The goal of assessment in medical education is the development of reliable measures of clinical performance that also have a formative role and can drive students' learning.1 To this end, the CCT was introduced by the ICGP in 2015, representing a significant change in assessment modality for their exiting membership examination, the MICGP. Together with the modified essay question exam and the clinical knowledge test, which is a single best answer test, the CCT now forms part of an integrated, triangulated assessment.2 In addition to these formal summative assessment components of the MICGP, registrars also undertake informal workplace-based assessment with their GP trainers. The MICGP is the end point qualification for specialist training in general practice in Ireland and successful completion is needed to practice independently as a GP.

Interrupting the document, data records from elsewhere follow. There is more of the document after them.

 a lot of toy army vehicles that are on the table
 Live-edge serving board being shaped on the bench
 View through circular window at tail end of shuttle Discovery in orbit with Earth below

The CCT aims to assess the competence of general practice registrars when dealing with situations that may arise in everyday general practice. It ‘seeks to examine the knowledge, clinical skills and attitudes displayed by GP registrars as they manage patients presenting in a simulated GP surgery’.2 Similar in structure and format to the CSA of the MRCGP,3 the CCT is a modified OSCE. Candidates are assessed conducting GP consultations with actors. The scenarios for the ‘mock’ consultations are carefully developed to ensure they reflect the content and variety of typical GP consultations. The reliability of an OSCE exam is contingent on careful sampling across clinical content and requires an appropriate number of stations.4 Additionally, the reliability increases with increasing testing time.5 Informed by this, the CCT exam is comprised of 13 10-minute stations, with clinical content drawn from across the curriculum of GP training.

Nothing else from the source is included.